Aaron Vance

Senior, Student Government Association president

Aaron Vance

“Whether you conduct chemical or biological research, debate the political and cultural underpinning of Sino-Japanese relations, or seek to conjure the same emotions that Picasso sought during his ‘Blue Period,’ you would be unlikely to do this without undertaking a liberal arts education.”

In writing to answer this question, it seems to me that I must elucidate on my own understanding of a liberal arts education. Referencing the work of Cardinal John Henry Newman, a liberal arts education is an exploration of academic disciplines and subjects that tap into the faculties that make us human.

A liberal arts education does just like it says, it liberates us and frees our cognitive abilities to tackle and explore whatever we choose. Our abilities to think, comprehend, empathize, and relate are all facilitated by the stimuli of our environment, but nowhere near to the extent that a liberal arts education helps to foster this growth and liberation.

For me, a liberal arts education colors in the grander picture of what it means to understand our world. Too easily as students and researchers we seek to only draw conclusions and to call it complete when we have the hard data. But with that initial outline, the data provides the opportunity for debate, dialogue and logic, and allows us to move from the what and how to the why of any concept. And while I could write a whole separate piece on the value of empirical evidence and the power of quantitative data, it has to be said that it needs the necessary companions of reason, understanding, and critical thought to really see what it all means.
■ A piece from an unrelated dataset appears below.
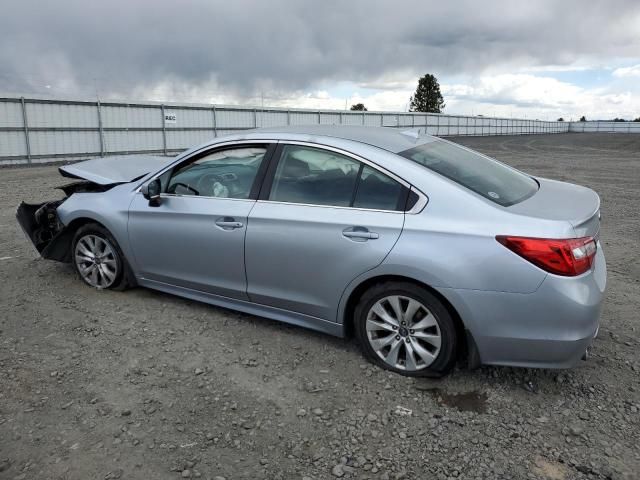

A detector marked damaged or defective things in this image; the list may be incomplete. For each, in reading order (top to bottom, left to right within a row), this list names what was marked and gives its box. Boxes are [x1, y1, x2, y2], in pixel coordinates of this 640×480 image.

It can be said that nothing happens independently of one another, and I think that captures the essence of what a liberal arts education can provide.

Since far back in time, if we trace our understanding of knowledge and philosophy, these epistemological tenets have been valued and kept at the foremost of the debates and dialogues in attempting to advance our lives and our world. From Plato to Aristotle, Thomas Aquinas to Kant, Hegel, Newman, and into the modern era, the historical significance of this kind of education and application holds true.

Whether you conduct chemical or biological research, debate the political and cultural underpinning of Sino-Japanese relations, or seek to conjure the same emotions that Picasso sought during his ‘Blue Period,’ you would be unlikely to do this without undertaking a liberal arts education. All of those things require a liberal arts education just the same as trying to holistically understand the world around you does. And if you really want to, you must not shirk in this commitment, forego the various modes and schools of thought, or sacrifice the messy and the difficult. Because to do so only squanders what you might be able to achieve, and is truly only a divestment to yourself.